Toyota’s ‘Bargains’ May Boost Sales 30%, Edmunds Says (Update4)
By Makiko Kitamura and Alan Ohnsman
March 10 (Bloomberg) — Toyota Motor Corp., buoyed by an incentive campaign, may report a 30 percent jump in U.S. sales in March after recalls of millions of vehicles damped deliveries for two months, industry researcher Edmunds.com said.
No-interest loans for as long as five years and discounted leases on most Toyota brand models from the world’s largest automaker are helping drive the rebound from year-earlier levels, Edmunds.com Chief Executive Officer Jeremy Anwyl said by phone today.
“Americans love a bargain,” Anwyl said. “Car buyers still feeling financially distressed see this as the best time to buy.”
The incentives and the “huge reservoir of goodwill” Toyota has built up over the years are limiting fallout from global recalls of more than 8 million cars, Anwyl said. Santa Monica, California-based Edmunds.com tracks pricing and consumer behavior on its car-information Web site.
Spending on incentives may add as much as 100 billion yen ($1.1 billion) in costs for Toyota City, Japan-based Toyota, Kohei Takahashi, an analyst at JPMorgan Chase & Co., said in a March 2 report. Other recall-related costs may total 315 billion yen through May 2011, and litigation settlements may cost about 100 billion yen, he said.
Excluding the Lexus brand, Toyota’s U.S. sales surged 50.5 percent in the first eight days of March from a year earlier, spokeswoman Celeste Migliore in Torrance, California, said today. President Akio Toyoda, 53, said this week that the company’s sales in the nation will recover in March after falling 8.7 percent in February and 16 percent in January.

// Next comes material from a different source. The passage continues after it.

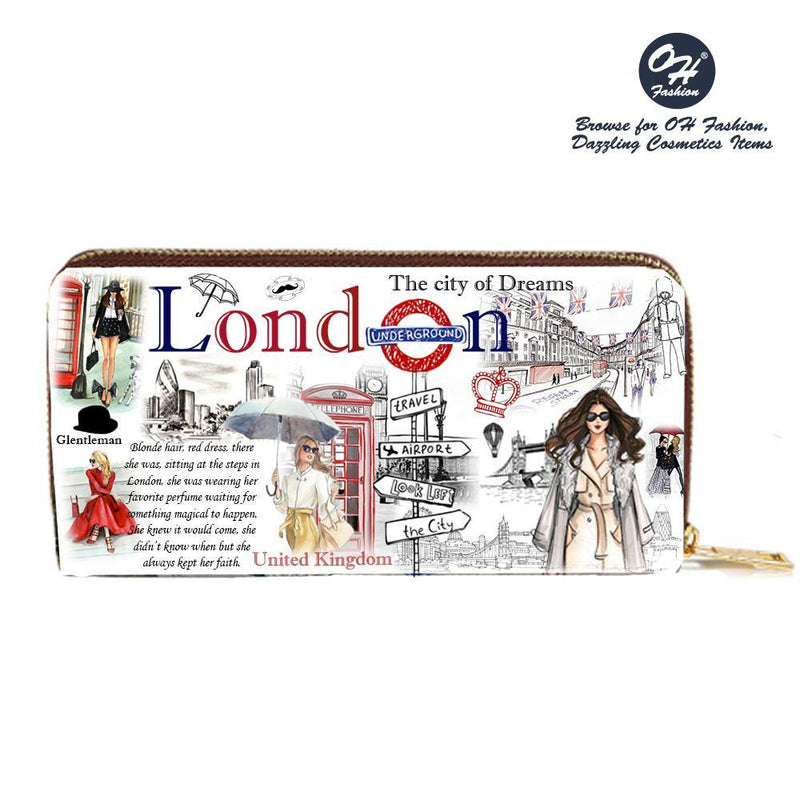 OH Fashion Wallet Adventurous London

Toyota’s incentives “are showing initial evidence of improvement” in U.S. deliveries, Himanshu Patel, a JPMorgan Chase analyst in New York, said today in a note to investors. Competitors may “aggressively” match Toyota’s offerings, spurring industrywide sales, Patel wrote.

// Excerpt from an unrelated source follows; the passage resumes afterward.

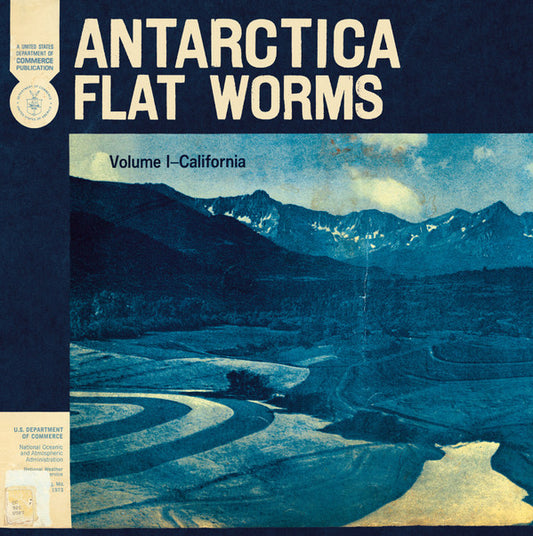Flat Worms - Antarctica (CD, Album)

Seventy-four percent of Toyota owners said they haven’t lost confidence in the company’s vehicles, and 82 percent think they are safe, Gallup said last week, citing a poll conducted on Feb. 27 and 28.
Toyota’s American depositary receipts slid 0.4 percent, or 31 cents, to $76.36 at 4:15 p.m. in New York Stock Exchange composite trading. Toyota shares fell 1.4 percent to close at 3,445 yen in Tokyo Stock Exchange trading, and have declined 11 percent this year as the carmaker recalled vehicles worldwide to repair defects linked to reports of sudden, unintended acceleration.

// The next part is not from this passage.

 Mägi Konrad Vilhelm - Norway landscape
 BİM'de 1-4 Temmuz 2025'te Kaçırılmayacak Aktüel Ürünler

The company faces as many as 105 class-action and 31 individual lawsuits claiming deaths or injuries connected to vehicles speeding out of control.
New incentives, lower North American sales, an increase in advertising spending and scaled-back cost-cutting efforts may cut Toyota’s operating profit by 290 billion yen next fiscal year, Kurt Sanger, a Tokyo-based auto analyst at Deutsche Bank Group, said in a report on Feb. 18. The analysis anticipated the incentive program announced on March 2, Deutsche Bank spokesman Aston Bridgman said.
Toyota may post 390 billion yen in operating profit and 359 billion yen in net income in the fiscal year beginning April 1, compared with the company’s current-year forecast for a 20 billion yen operating loss and 80 billion yen in net income, according to Sanger’s report. Profit will rise as sales and margins improve in emerging markets and in Japan, he said.
The company may post net income of 469 billion yen next fiscal year, according to the median of 20 analyst estimates compiled by Bloomberg. Toyota reported a 437 billion yen net loss in the year ended March 31, 2009.